Kategori: Nilüfer

  • Çocuklar ara tatilde Edebiyat Müzesi’ni gezdi

    Çocuklar ara tatilde Edebiyat Müzesi’ni gezdi

    Nilüfer Belediyesi, kırsal mahallelerde yaşayan çocukların kendilerine ve köylerine bir gelecek oluşturmaları için hayata geçirdiği “Köyünün Geleceği Misin?” projesiyle eğitim çalışmalarını sürdürüyor. Proje çerçevesinde Korubaşı Mahallesi’nden gelen çocuklar, ara tatillerini verimli bir şekilde değerlendirerek Türkiye’nin ilk ve tek Edebiyat Müzesi’ni ziyaret etti.

    Yaşadıkları bölgenin tarihi ve kültürel mirasını öğrenmeleri, iletişim becerilerini geliştirmeleri ve proje yazma konusunda deneyim kazanmaları hedeflenen çocuklar, Proje Eğitim Koordinatörü Sevil Şahin Hakverdi rehberliğinde müzedeki eserleri inceleme fırsatı buldular.

    Dönem boyunca çalışmalarında Türk şiirinin ölümsüz ismi Nâzım Hikmet’i ele alan öğrenciler, Edebiyat Müzesi ziyaretlerinde şairin hayatı ve eserleri hakkında da detaylı bilgi aldı. Müzede bulunan “Nâzım’ı Yazanlar” bölümü ile Nâzım Hikmet’in Bursa Cezaevi’nde kaldığı dönemde bizzat çizdiği resim ve Rusya’da bulunduğu sırada el yazısıyla imzaladığı kendi fotoğrafı, çocukların ilgisini çekti.

  • Nilüfer’de çevre kirliliğinin geçmişi ele alındı

    Nilüfer’de çevre kirliliğinin geçmişi ele alındı

    Nilüfer Kütüphaneleri’nin Tarih Vakfı ile beraber düzenlediği Tarih Buluşmaları Nâzım Hikmet Kültürevi’nde yapıldı. Düzce Üniversitesi Fen Edebiyat Fakültesi Tarih Bölümü Yakınçağ Tarihi ABD Başkanı ve Dekan Yardımcısı Doç. Dr. İsmail Yaşayanlar, Balaban Salon’daki etkinlikte “Suların ayırdığı şehir Bursa’da sanayileşme ve çevre kirliliği” üzerine konuştu.

    Evliya Çelebi’nin “sudan ibaret” olarak nitelendirdiği Bursa’nın, Cilimboz Deresi, Gökdere, Namazgah Deresi ve Karınca Deresi ile şekillendiğini belirten Yaşayanlar, kentin 19. yüzyıl sonlarına doğru, zengin su kaynaklarına rağmen temiz su temininde ciddi sıkıntılar yaşadığını vurguladı.

    Bu dönemde mekanizasyonun başlamasıyla buharlı makinelerle kozadan ipek çekme işleminin başladığını söyleyen Yaşayanlar, Bursa’da filaturler kurulmaya başladığını kaydetti. Bu süreçte fırınlanmış kozaların kazanlara atıldığını belirten Yaşayanlar, “O dönem işçilerinin çektiği kozalardan arta kalan posalar çevre kirliliğini oluşturacak ilk unsurlardan biri olarak biliniyor. Kadınlar elleri ile bu işi yaparken sürekli soğuk suya ardından sıcak suya soktukları için de elleri deri atıyormuş. Dolayısıyla dereye yakın olmak gerekiyor. Aynı zamanda kaynattıkları sudaki böcekleri atabilecekleri yer, dere olduğu için derelerin yakınlarına konumlanmışlar” dedi.

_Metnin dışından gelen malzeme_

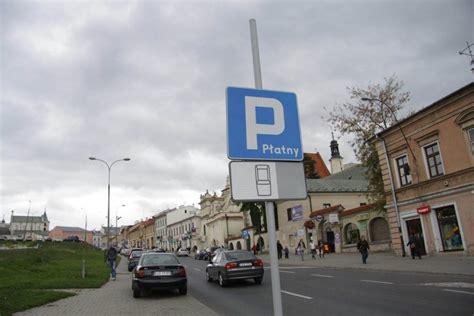 W sobotę na parkingach miejskich zaparkujemy za darmo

    Avrupa’da salgın ipekböceği hastalığı nedeniyle Avrupalı sermayedarların da Bursa’ya geldiğini anlatan Yaşayanlar, onların da filaturler kurarak, ipek çekimine başladıklarını aktardı. Üretimin hızla artmasıyla derelerden su çekilme miktarının yükseldiğini söyleyen Yaşayanlar, “1860-1870’lerde Bursa’ya gelen seyyahlar Gökdere, Cilimboz ve Namazgah Deresi kıyısında kokudan durulmadığından söz ediyorlar. Atık böcek ölüleri leş kokuyor. Bu kirlilik aynı zamanda dere kenarında olan mahallelerin içme suyunun teminini de zora düşürmüş” diye konuştu.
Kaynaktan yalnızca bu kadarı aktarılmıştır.